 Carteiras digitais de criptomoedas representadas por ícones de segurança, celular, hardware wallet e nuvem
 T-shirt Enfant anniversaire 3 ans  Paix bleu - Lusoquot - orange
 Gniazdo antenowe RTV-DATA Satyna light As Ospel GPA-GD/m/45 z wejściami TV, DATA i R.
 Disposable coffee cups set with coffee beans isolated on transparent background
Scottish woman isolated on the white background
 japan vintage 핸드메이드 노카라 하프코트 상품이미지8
--
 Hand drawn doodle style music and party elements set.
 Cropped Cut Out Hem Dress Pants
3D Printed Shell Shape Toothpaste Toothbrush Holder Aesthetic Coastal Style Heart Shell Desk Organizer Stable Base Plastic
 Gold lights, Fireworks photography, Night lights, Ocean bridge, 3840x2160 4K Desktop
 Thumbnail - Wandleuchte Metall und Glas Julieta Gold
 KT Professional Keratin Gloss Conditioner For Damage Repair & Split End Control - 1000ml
==
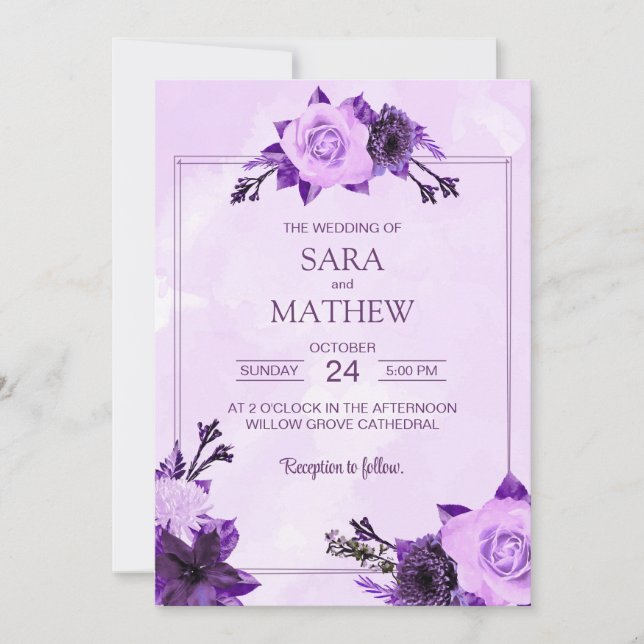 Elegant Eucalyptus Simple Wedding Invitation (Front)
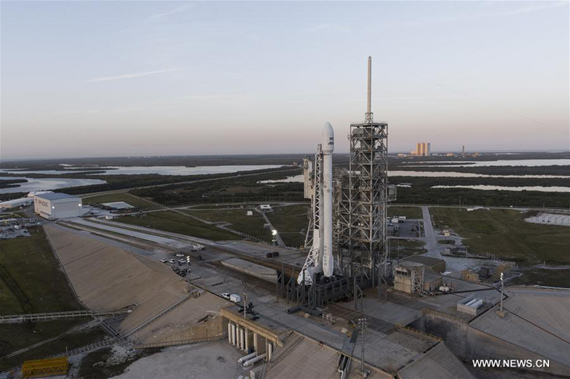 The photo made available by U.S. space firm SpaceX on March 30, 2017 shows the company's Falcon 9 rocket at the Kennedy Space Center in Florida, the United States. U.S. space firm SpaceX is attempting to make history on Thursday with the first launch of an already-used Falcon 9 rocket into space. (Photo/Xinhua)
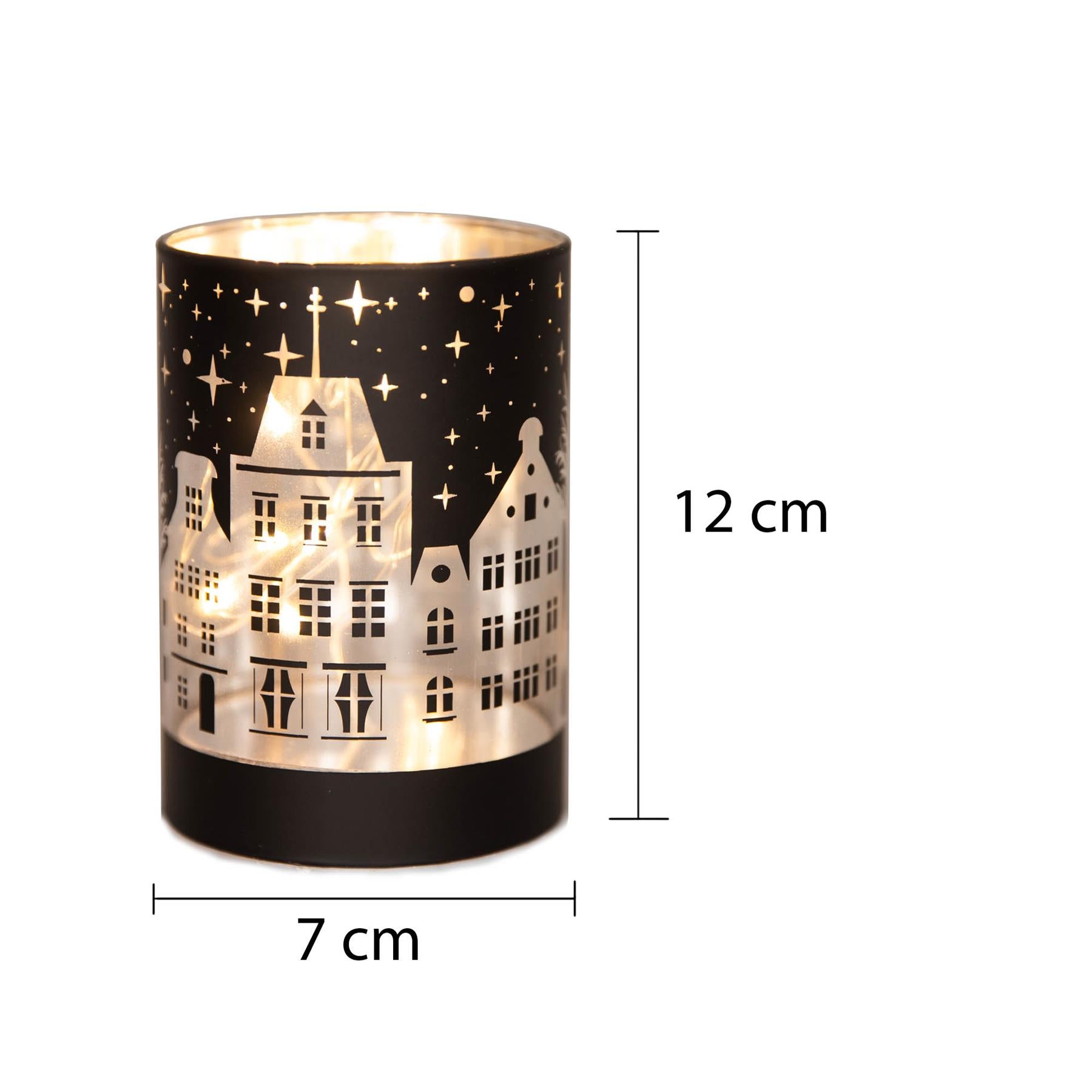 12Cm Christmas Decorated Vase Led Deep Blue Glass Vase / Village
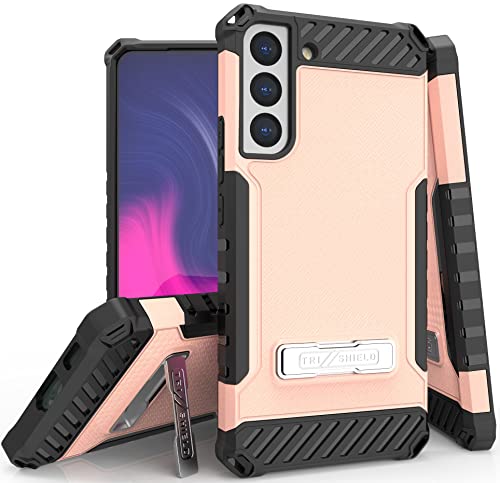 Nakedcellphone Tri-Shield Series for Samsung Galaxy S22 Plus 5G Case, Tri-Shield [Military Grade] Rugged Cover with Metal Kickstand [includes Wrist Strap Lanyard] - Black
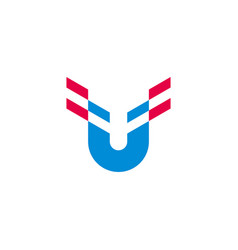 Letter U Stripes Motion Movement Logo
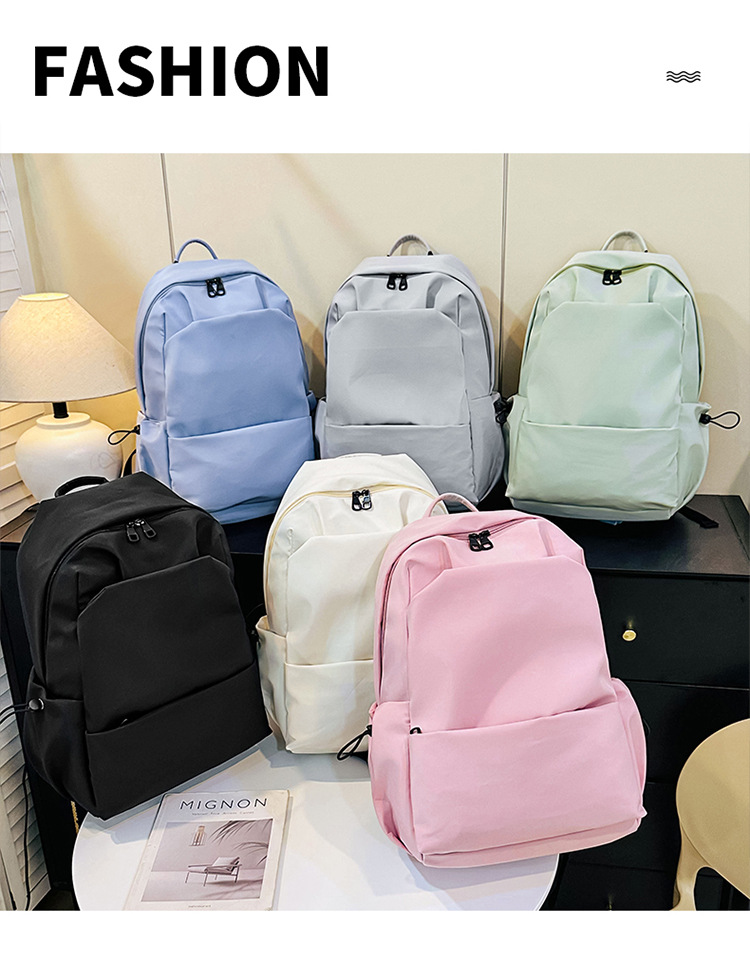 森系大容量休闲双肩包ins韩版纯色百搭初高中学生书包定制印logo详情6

*Work request*.
Within the entries above, work out the number of lines that include the string "isolated" and give only that.

*Result for this exercise*.
2